Sunday, April 10, 2011

Lectures by Irene Davis PhD and Rosalyn Nguyen MD

On Wednesday (April 6th) I attended a couple of lectures at the Spaulding Outpatient Clinic in Wellesley, MA. The featured Speaker was Irene Davis PhD, PT, FAPTA, FACSM, who is often referred to as the “Barefoot Running Professor”. The other speaker was Rosalyn Nguyen M.D.

I’m not going to attempt to summarize their lectures here in great detail. However, they both made some great points that I would like to share. 

Dr. Nguyen in her lecture “Management of Musculoskeletal Pain in Running Athletes” made a wonderful statement about some of the reasons why runners get injured. Unfortunately I don’t remember the exact quote, but it was something like the following.  

Often runners are getting injure because they are running… 
  • Too Much
  • Too Soon
  • Too Often
  • Too Fast

Essentially many runners are getting injured because they do not have realistic expectations about the volume and speed of their training as well as the rate of adaption to increased volume and intensity

The featured speaker, Dr.
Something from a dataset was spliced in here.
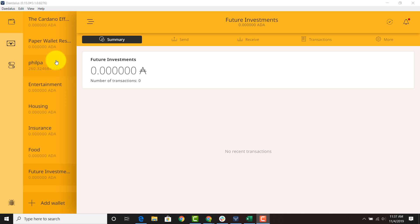One strategy is to create a budget. This is very analogous to budgets in the typical fiat world where you allocate money to certain categories in your life. So you can do the same for ADA or use Daedalus as a sort of budgeting tool.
Davis, gave a great overview of where the science is and isn’t on barefoot running in her lecture “Barefoot Running: Shifting Paradigms in Footwear, Foot Strikes and Treatment of the Foot." I was pleasantly surprised to see that the scientific evidence to support Barefoot/Minimalist running and the use of the forefoot strike is more extensive than I realized. There are still a lot of unanswered questions to be sure, but the research continues, and so far the science is definitely favoring forefoot technique.

There was one Point Dr. Davis speculated on that resonated with me, because I’ve been wondering about this myself. She stated that she believes that modern distance runners are training and racing much faster than we are designed to run. In other words, many distance runners are training and racing faster than evolution has equipped us for.  She didn’t go into detail on this point, but I think there is an increasing amount of evidence to support this idea. However, this is another one of those unanswered questions that will need more research.